Similarly, the HHS Office of the Inspector General (OIG) has proposed transparency and price negotiating authority for Medicare Part D as a way to stem the steep rise in catastrophic coverage for drugs. A January OIG report documents a steep rise in Medicare outlays for catastrophic coverage to $33 billion in 2015, more than three times the total five years earlier, led by 10 drugs that cost more than $1000 a month. The OIG is scheduled to tackle a growing list of drug pricing issues, including Part D price increases for brands, Medicare billing for topical medicines, and potential
savings from increased distribution of cancer drugs in single vials, tying Medicare Part B rebates to inflation, and payment changes under the federal 340B program, which requires manufacturer discounts on drugs for certain hospitals and clinics.
Ironically, some recommendations are similar to those proposed, and recently abandoned, by the Obama administration as part of a test of new drug payment models for Medicare Part B. Last March the Centers for Medicare and Medicaid Services (CMS) rolled out a plan to evaluate new methods for reimbursing physicians that administer drugs in clinics and offices. Pharma companies and physicians criticized the demonstration as overly focused on saving money, as opposed to improving outcomes, and CMS cancelled the program in December, before the Trump administration could do so.
Meanwhile, new Part B payment methods for biosimilars could reduce program spending, according to a new report from the Pew Charitable Trusts. Current payment and coding policies provide no incentive for physicians to use biosimilars, and seniors actually pay more out-of-pocket for biosimilars under Medicare catastrophic coverage. Part B could reduce annual outlays on five costly drugs from $5.5 billion today to $3.5 billion, says Pew, if CMS bases biosimilar reimbursement on a consolidated payment rate or a “least costly alternative” approach; these methods would encourage biosimilar use, as would FDA determination that a product is interchangeable.
Medicaid classification of brands and generics for rebate purposes also discourages biosimilar use. The program considers them single-source products, which requires manufacturers to pay rebates set for brands, and not the lower rate allowed generics.
Such decisions are in the spotlight now following revelations that Medicaid misclassified Mylan’s $600 Epi-Pen as a generic.

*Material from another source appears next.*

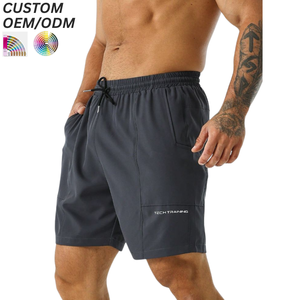 Mens Casual Cotton Solid Sports Shorts Summer Daily Wear Breathable Quick Dry <b>Elastic</b> Waist Custom Logo OEM ODM Brand - Product Image 1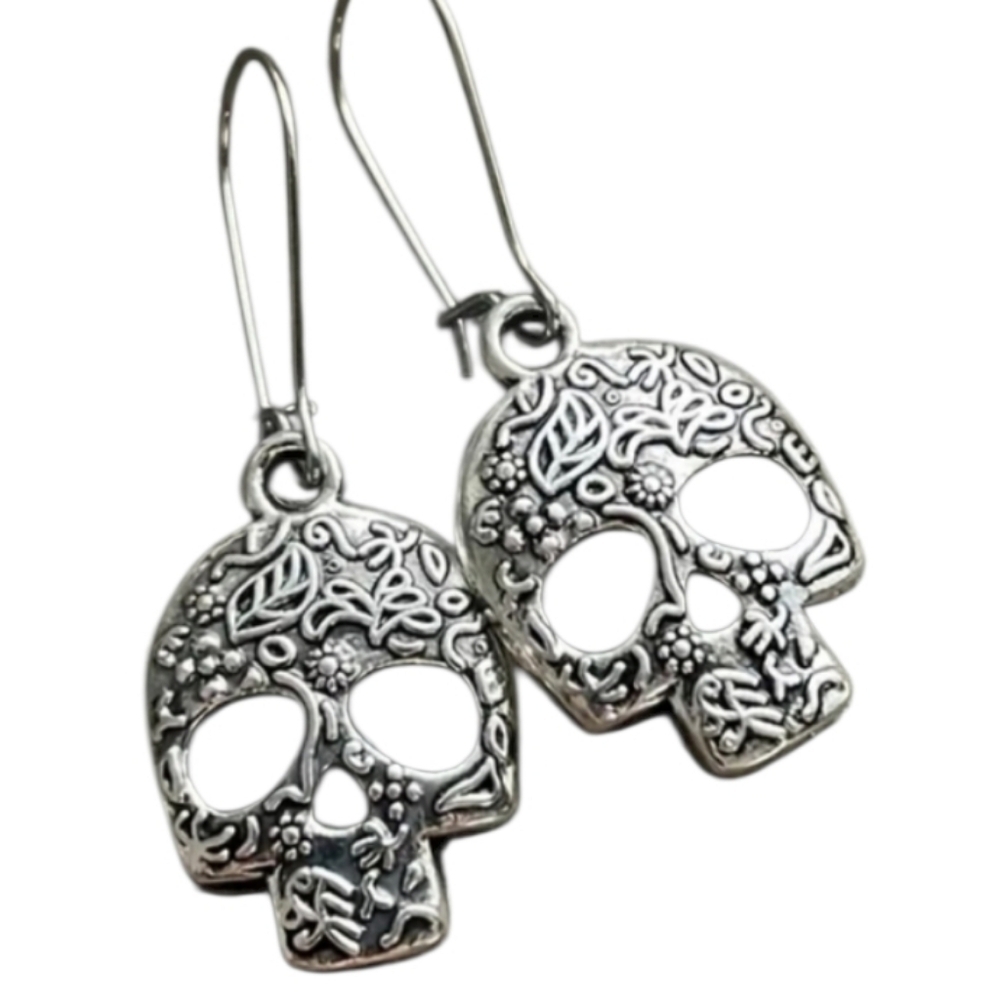 Intricate Silvertone Sugar Skull Earrings - Picture 1 of 4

That saved the company millions on rebates, but led to a $465 million payment to settle the issue in
October. This episode has prompted Congressional investigations into the Medicaid classification process, starting with claims from Sen. Chuck Grassley (R-Iowa) that CMS has failed to take action in at least two other cases. The issue may be addressed further as part of broader Medicaid reform efforts by Congress and the Trump administration.

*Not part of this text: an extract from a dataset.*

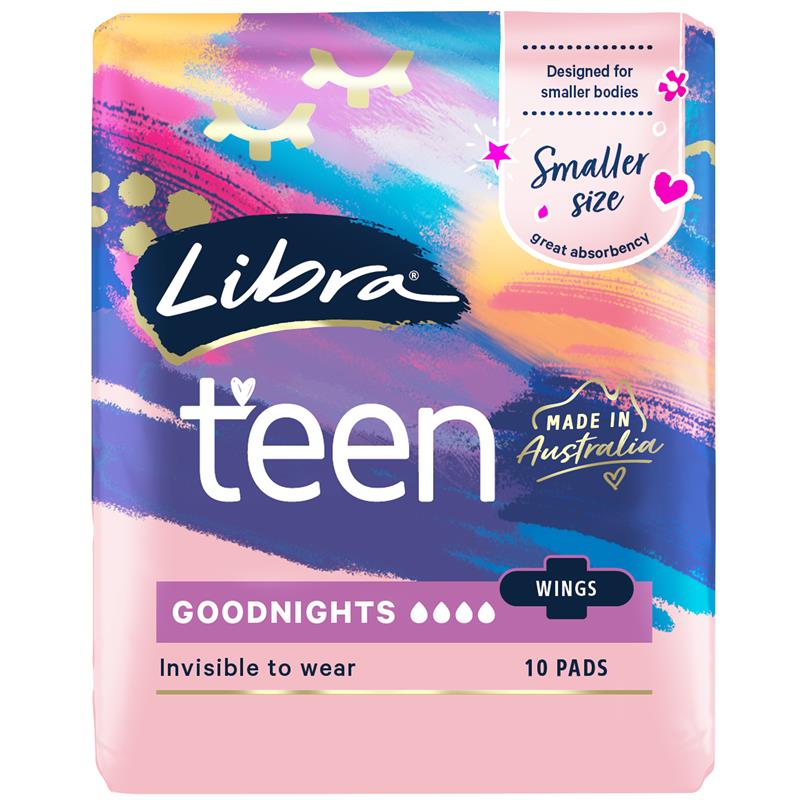 Libra Girl Pads Goodnight Wing 10 Pack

The focus on exorbitant drug price increases also has hit generic drug companies, which usually receive kudos for providing less costly alternatives to brands that save consumers and payers millions. But huge price hikes on certain common and inexpensive antibiotics and diabetes medicines have led to investigations and charges of price fixing and antitrust violations. State attorneys general filed a lawsuit in December charging six leading generics firms for collusion to fix prices, and the Department of Justice (DOJ) brought similar charges against two former industry executives. Investigations continue, and more prosecutions are expected.